KI-catalyzed synthesis of S -Thiocarbamates by cross-coupling of cyclohexyl isocyanide with sulfonyl chlorides

Introduction

In the past few decades, the synthesis and study of organic sulfur chemicals has become a popular research topic.^1–6 S-Thiocarbamates represent key building blocks that are common in many synthetic pharmaceuticals and natural biologically active compounds. ⁷ They have numerous biological applications in the manufacture of pharmaceuticals and agrochemicals including the HIV-1 nucleocapsid protein NCp7 inhibitor ⁸ and bactericidal, ⁹ anesthetic, ¹⁰ fungicidal, ¹¹ pesticidal, ¹² and herbicidal ¹³ substances.
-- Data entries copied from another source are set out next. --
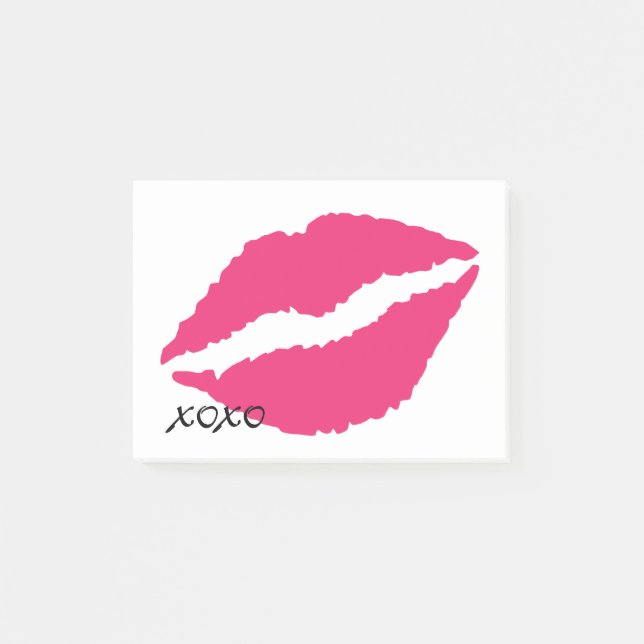 Hugs und Kisses Post-its Post-it Klebezettel (Vorderseite)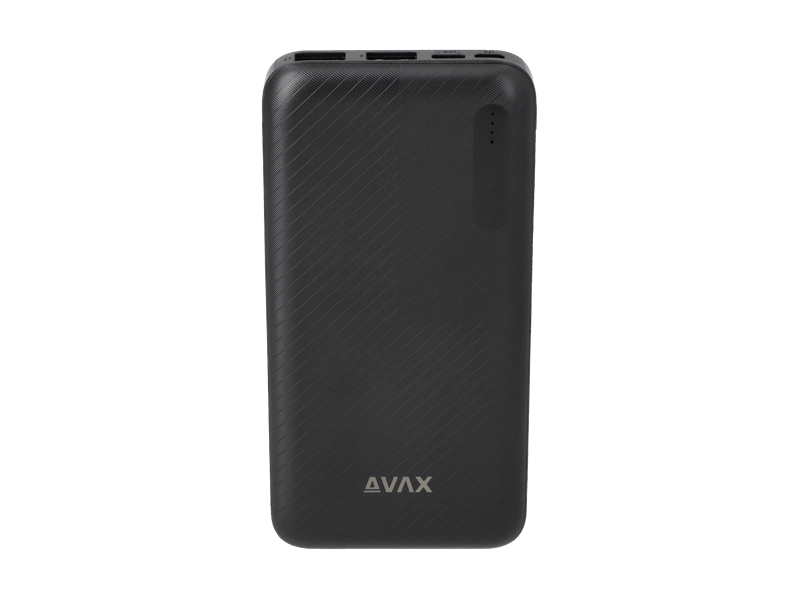 Avax PB104B Lighty 10.000mAh Powerbank, fekete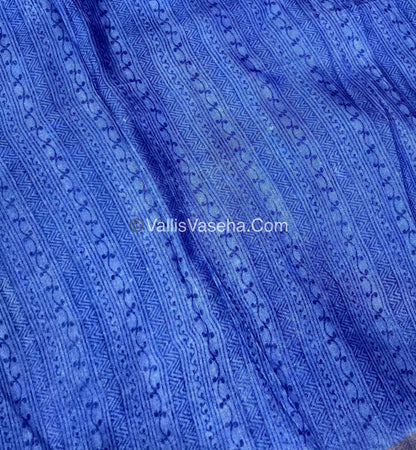 30% less - Offer Saree - Semi Bhagalpuri Saree - VVDS006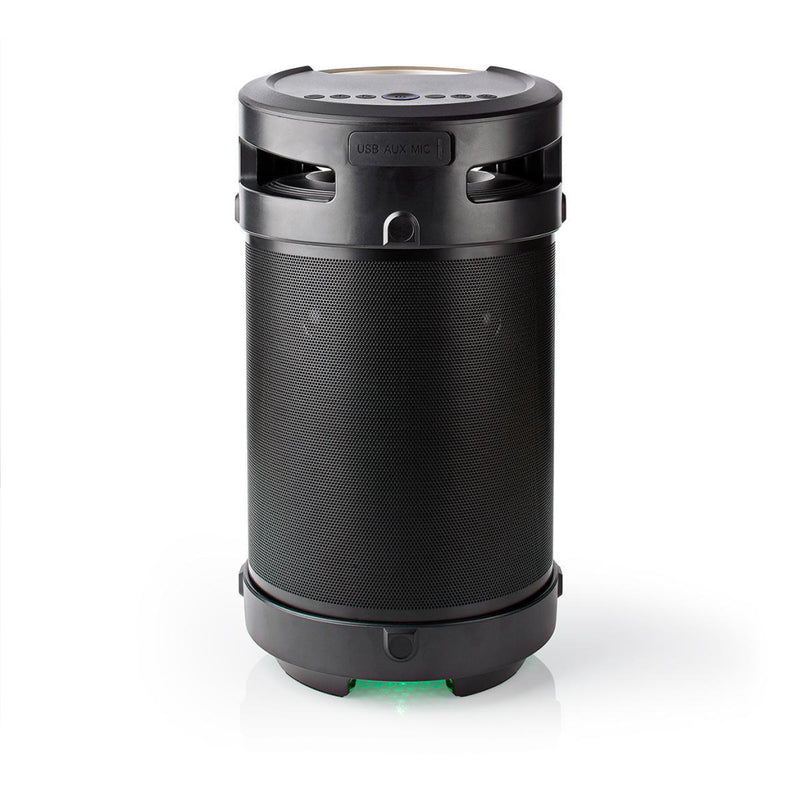 Nedis SPBB350BK Bluetooth® Feestluidspreker 3,5 Uur Gebruiksduur 150 W Ipx5-waterdicht Tws Handgree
Therefore, the development of new methods for the synthesis of S-thiocarbamates is of widespread interest. Classic methods for the synthesis of S-Thiocarbamates include (1) reacting toxic phosgene/triphosgene or carbonyldiimidazole with an amine and thiophenol (Scheme 1(a)),^14,15 (2) visible-light/rose bengal reactions (Scheme 1(b)),^7,16 and (3) molecular iodine–catalyzed reactions of thiosulfonates (prepared from thiols or sulfonyl chlorides) with isocyanides (Scheme 1(c)). ¹⁷ However, these methods have shortcomings such as poor atom economy, harsh reaction conditions, and the use of difficult-to-obtain precursors as well as unstable, toxic, and/or hazardous chemical reagents. ⁷ Thus, it is necessary to develop an efficient and general route for the construction and enrichment of S-Thiocarbamate compounds.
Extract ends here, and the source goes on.